Soweit sie darüber hinaus darauf abgestellt hat, die Anmelderin sei auf den Gebieten, zu welchen die zurückgewiesenen Waren und Dienstleistungen gehören, derzeit nicht tätig und werde dies auch in absehbarer Zeit nicht werden, vermag dies ebenfalls weder für sich noch in Verbindung mit dem oben genannten weiteren Indiz eine Behinderungsabsicht zu belegen. Dabei kann dahinstehen, ob die Markenstelle hierbei die Geschäftstätigkeit der Anmelderin -wie von dieser bestritten -richtig gewürdigt hat. Auch wenn die Wertung der Markenstelle -woran allerdings mangels konkreter Tatsachenfeststellungen erhebliche Zweifel bestehen -zutreffen sollte, könnte dieses Indiz die Schlussfolgerung der Markenstelle, dass die Anmelderin bösgläubig handele, nicht rechtfertigen. Die Markenstelle hat hierbei nämlich bereits im Ansatz verkannt, dass, es für das Vorliegen eines Benutzungswillens des Anmelders schon genügt, wenn er die Absicht hat, die Marke im geschäftlichen Verkehr zwar nicht selbst zur Kennzeichnung von Waren oder Dienstleistungen zu benutzen, sie aber der Benutzung durch einen Dritten im Wege der Lizenzerteilung oder nach einer Übertragung zuzuführen (BGH, GRUR 2001, 242 [244] -Classe E). Aus diesem Grund kann die Feststellung der aktuellen Geschäftstätigkeit allein für die Annahme eines fehlenden Benutzungswillens schon nicht ausreichen, solange nicht seitens des Patentamts konkret ausgeschlossen werden kann, dass der Anmelderin auch nicht im Rahmen von Lizenzierungen eine Verwendung der angemeldeten Marke durch Dritte zur Kennzeichnung der beanspruchten Waren und Dienstleistungen beabsichtigt. Darauf, dass im Übrigen das u. a. aus diesem Indiz sich möglicherweise ergebende Fehlen eines Benutzungswillens ohnehin noch nicht die Annahme der Bösgläubigkeit rechtfertigen kann, weil es hierzu weiterer Feststellungen über eine Behinderungsabsicht bedarf, wurde bereits hingewiesen.

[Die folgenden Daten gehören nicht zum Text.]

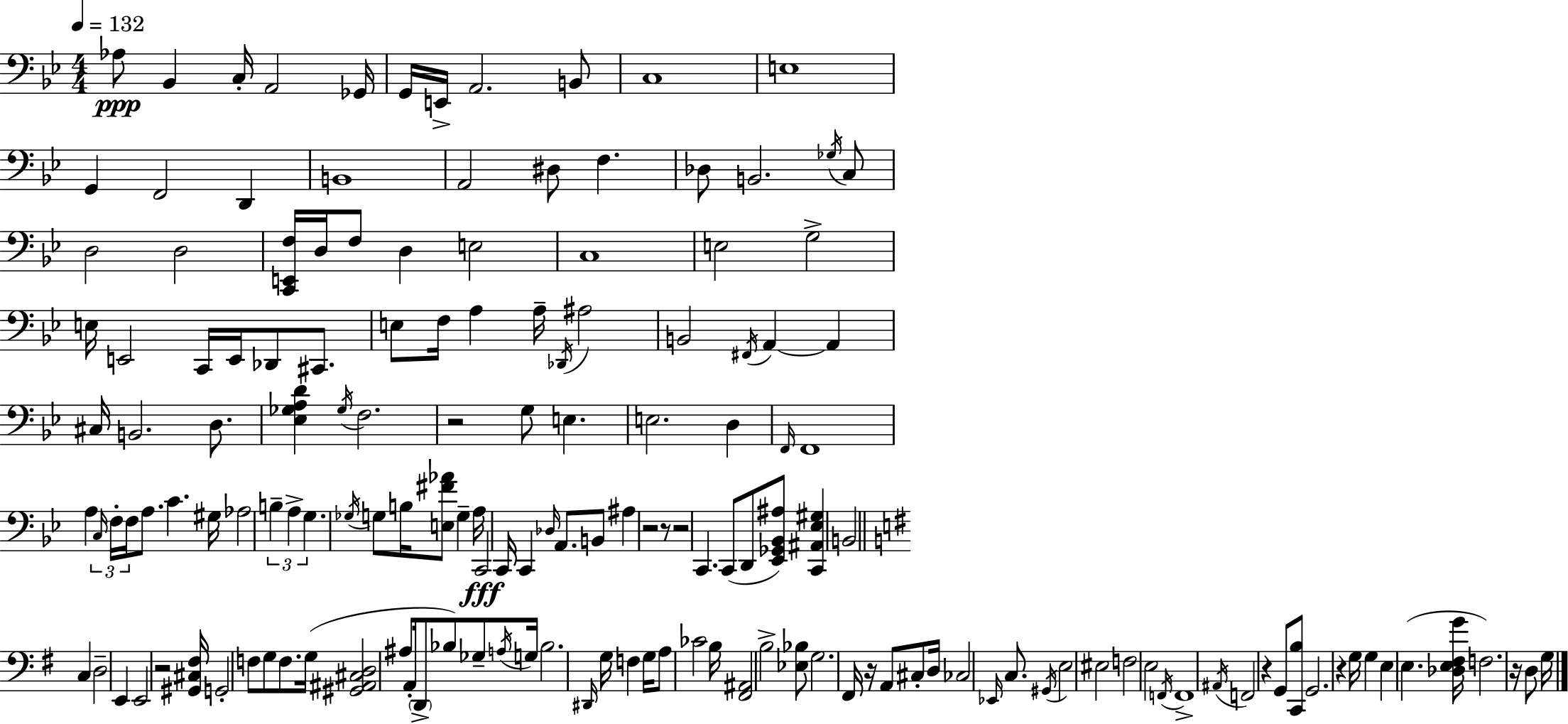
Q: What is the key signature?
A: BES major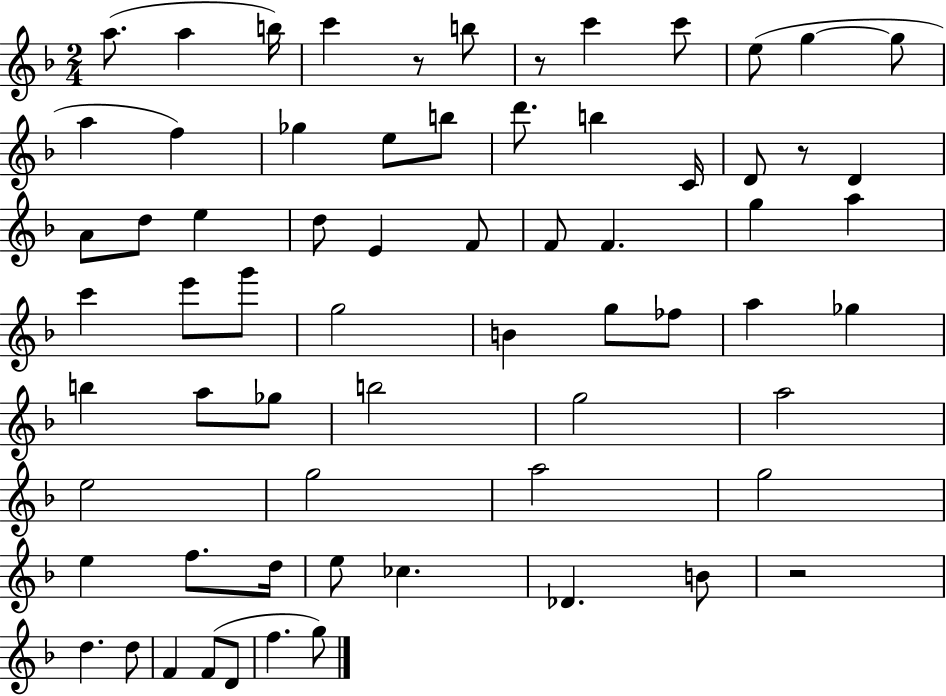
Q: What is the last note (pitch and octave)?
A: G5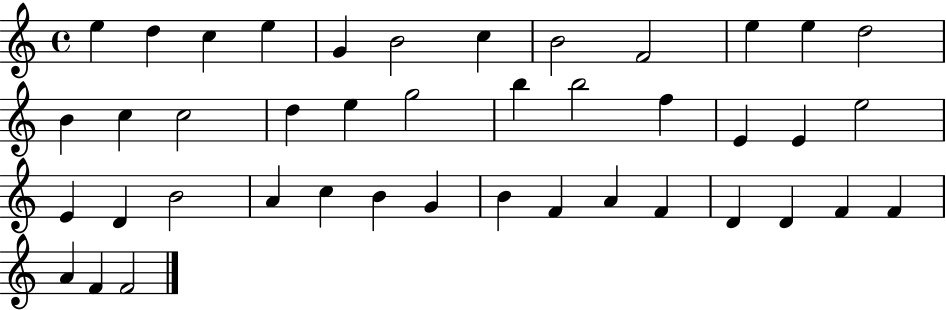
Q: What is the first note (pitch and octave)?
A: E5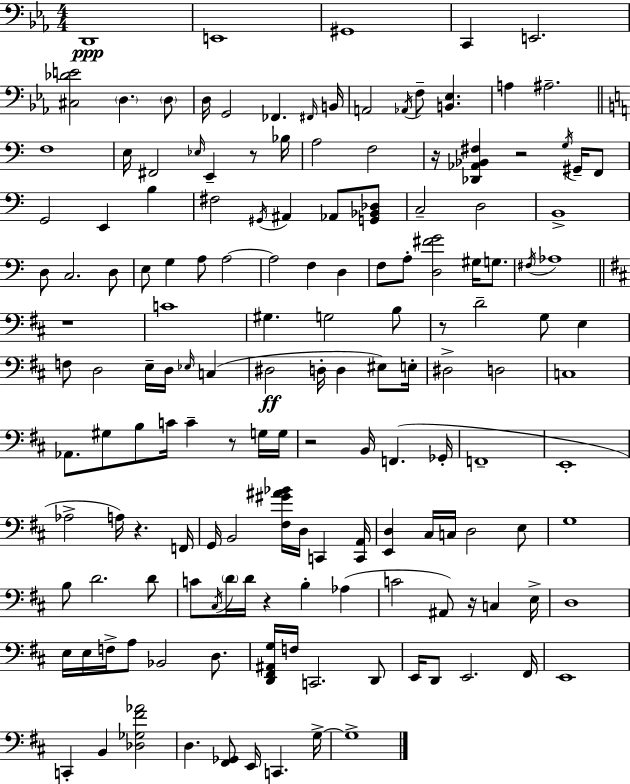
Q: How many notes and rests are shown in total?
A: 155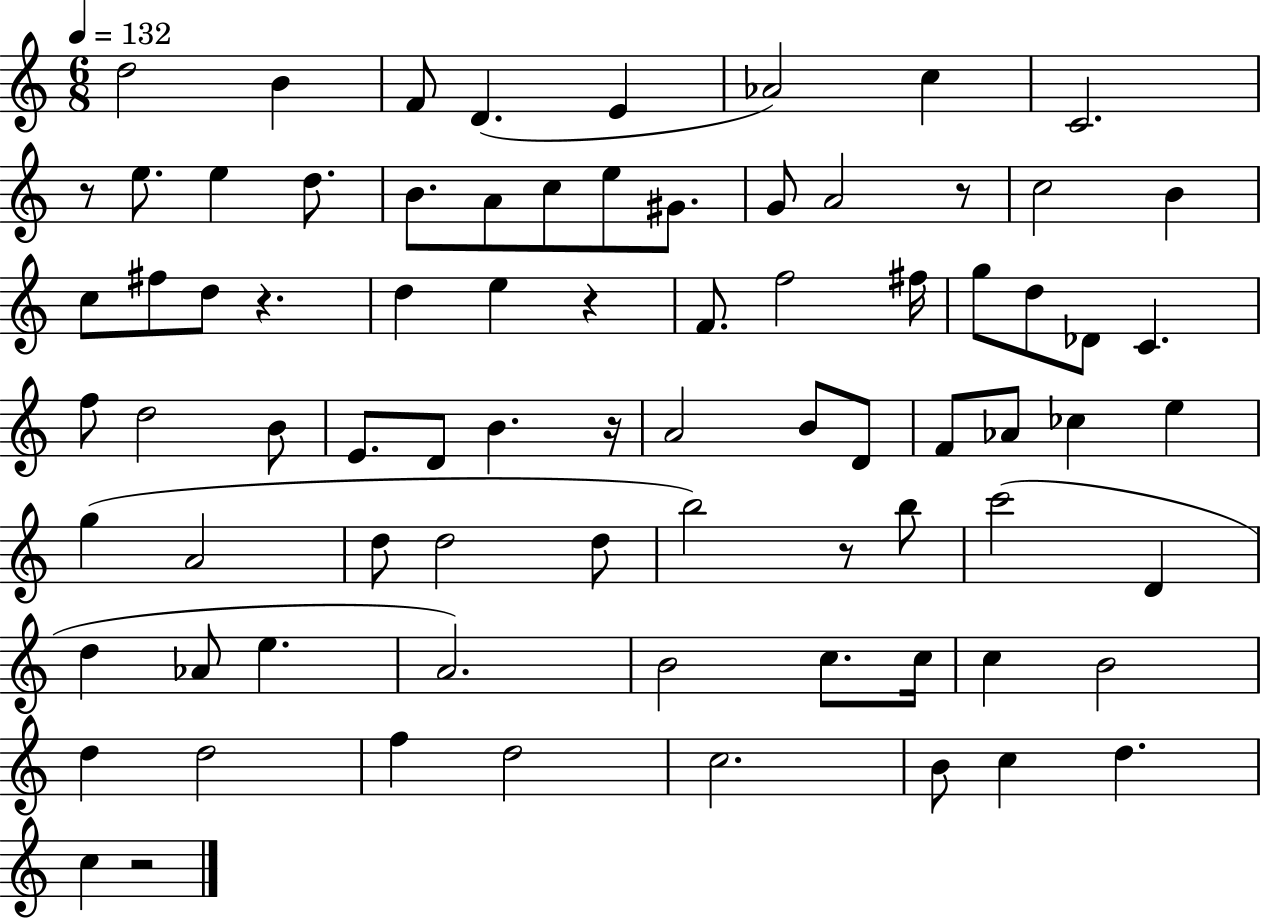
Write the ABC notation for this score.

X:1
T:Untitled
M:6/8
L:1/4
K:C
d2 B F/2 D E _A2 c C2 z/2 e/2 e d/2 B/2 A/2 c/2 e/2 ^G/2 G/2 A2 z/2 c2 B c/2 ^f/2 d/2 z d e z F/2 f2 ^f/4 g/2 d/2 _D/2 C f/2 d2 B/2 E/2 D/2 B z/4 A2 B/2 D/2 F/2 _A/2 _c e g A2 d/2 d2 d/2 b2 z/2 b/2 c'2 D d _A/2 e A2 B2 c/2 c/4 c B2 d d2 f d2 c2 B/2 c d c z2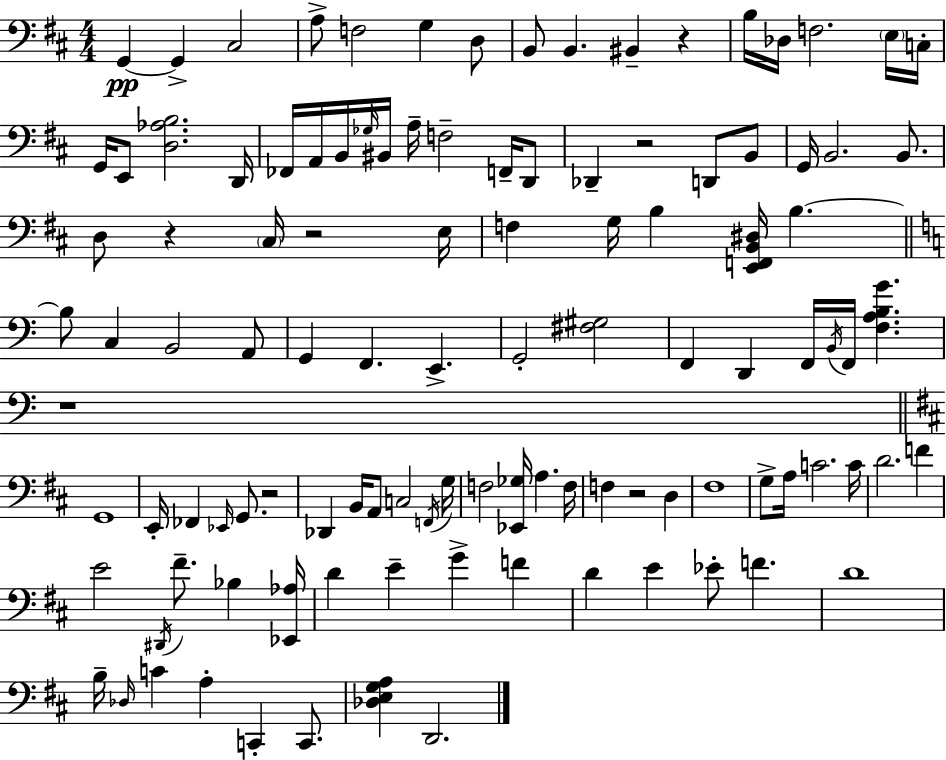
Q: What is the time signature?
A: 4/4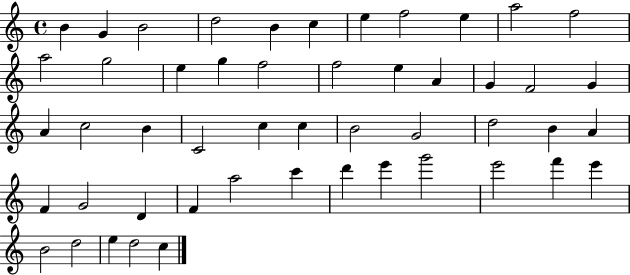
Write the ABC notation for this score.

X:1
T:Untitled
M:4/4
L:1/4
K:C
B G B2 d2 B c e f2 e a2 f2 a2 g2 e g f2 f2 e A G F2 G A c2 B C2 c c B2 G2 d2 B A F G2 D F a2 c' d' e' g'2 e'2 f' e' B2 d2 e d2 c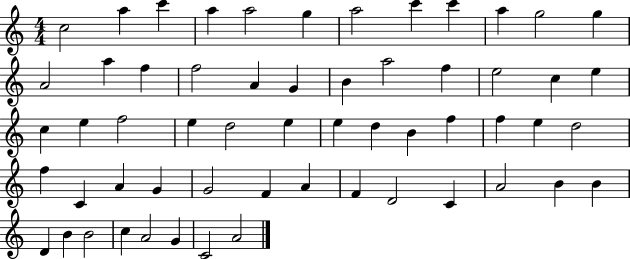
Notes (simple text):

C5/h A5/q C6/q A5/q A5/h G5/q A5/h C6/q C6/q A5/q G5/h G5/q A4/h A5/q F5/q F5/h A4/q G4/q B4/q A5/h F5/q E5/h C5/q E5/q C5/q E5/q F5/h E5/q D5/h E5/q E5/q D5/q B4/q F5/q F5/q E5/q D5/h F5/q C4/q A4/q G4/q G4/h F4/q A4/q F4/q D4/h C4/q A4/h B4/q B4/q D4/q B4/q B4/h C5/q A4/h G4/q C4/h A4/h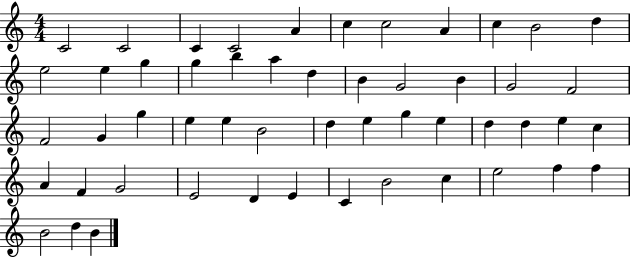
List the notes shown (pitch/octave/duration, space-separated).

C4/h C4/h C4/q C4/h A4/q C5/q C5/h A4/q C5/q B4/h D5/q E5/h E5/q G5/q G5/q B5/q A5/q D5/q B4/q G4/h B4/q G4/h F4/h F4/h G4/q G5/q E5/q E5/q B4/h D5/q E5/q G5/q E5/q D5/q D5/q E5/q C5/q A4/q F4/q G4/h E4/h D4/q E4/q C4/q B4/h C5/q E5/h F5/q F5/q B4/h D5/q B4/q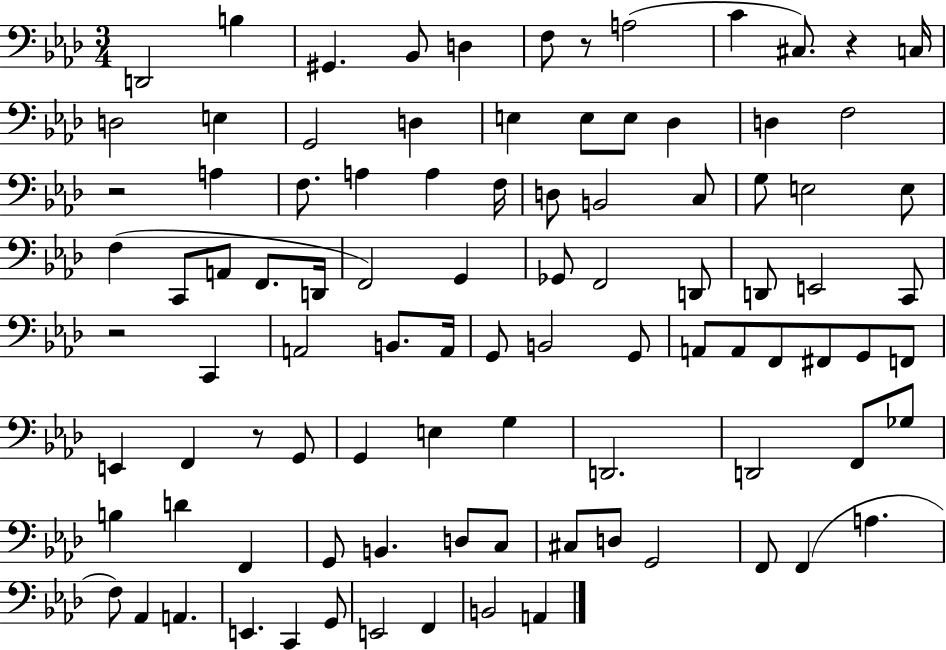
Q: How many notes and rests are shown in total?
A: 95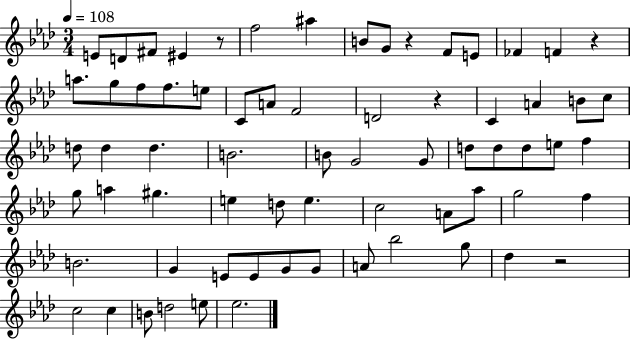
{
  \clef treble
  \numericTimeSignature
  \time 3/4
  \key aes \major
  \tempo 4 = 108
  \repeat volta 2 { e'8 d'8 fis'8 eis'4 r8 | f''2 ais''4 | b'8 g'8 r4 f'8 e'8 | fes'4 f'4 r4 | \break a''8. g''8 f''8 f''8. e''8 | c'8 a'8 f'2 | d'2 r4 | c'4 a'4 b'8 c''8 | \break d''8 d''4 d''4. | b'2. | b'8 g'2 g'8 | d''8 d''8 d''8 e''8 f''4 | \break g''8 a''4 gis''4. | e''4 d''8 e''4. | c''2 a'8 aes''8 | g''2 f''4 | \break b'2. | g'4 e'8 e'8 g'8 g'8 | a'8 bes''2 g''8 | des''4 r2 | \break c''2 c''4 | b'8 d''2 e''8 | ees''2. | } \bar "|."
}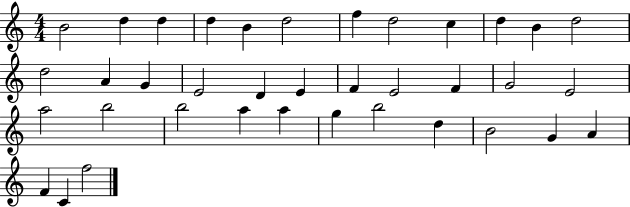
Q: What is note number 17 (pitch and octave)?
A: D4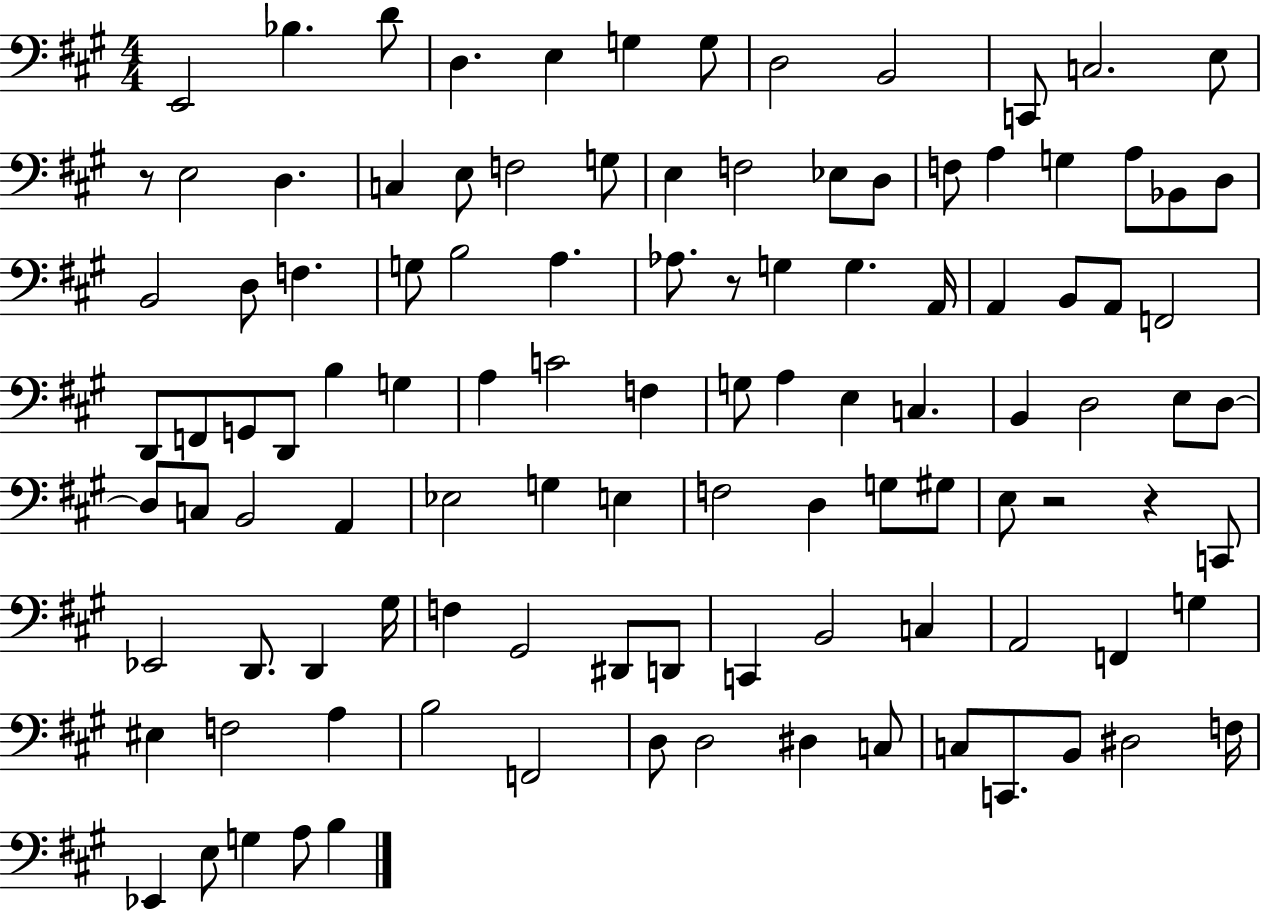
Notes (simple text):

Somit hat die Markenstelle belastbare Tatsachen, die -und sei es indiziell -eine Behinderungsabsicht und damit eine Bösgläubigkeit der Anmelderin belegen könnten, nicht festgestellt. Damit kann ihre Annahme, dass die Anmelderin die angemeldete Kennzeichnung für die zurückgewiesenen Waren und Dienstleistungen ersichtlich bösgläubig angemeldet habe, keinen Bestand haben, so dass der sich hierauf gründende, die Anmeldung teilweise zurückweisende Beschluss der Markenstelle auf die Beschwerde der Anmelderin aufzuheben war.

Für eine Rückzahlung der Beschwerdegebühr nach § 71 Abs. 3 MarkenG bestand keine Veranlassung, denn besondere Umstände, aufgrund derer es unbillig wäre, die Beschwerdegebühr einzubehalten (vgl. Ströbele/Hacker, Markengesetz, 8. Aufl. 2006, § 71 Rn. 31 ff.; Ingerl/Rohnke, Markengesetz, 2. Aufl., § 71 Rn. 35 ff.) sind weder dargetan noch anderweitig ersichtlich. Allein der Umstand, dass die Markenstelle die rechtlichen Voraussetzungen für die von ihr vorgenommene Zurückweisung teilweise verkannt hat und zudem hierfür nicht ausreichende tatsächliche Grundlagen festgestellt hat, vermag nach st. Rspr. nicht die Rückzahlung der Beschwerdegebühr zu rechtfertigen (vgl. BPatGE 2, 78; 22, 29, 32).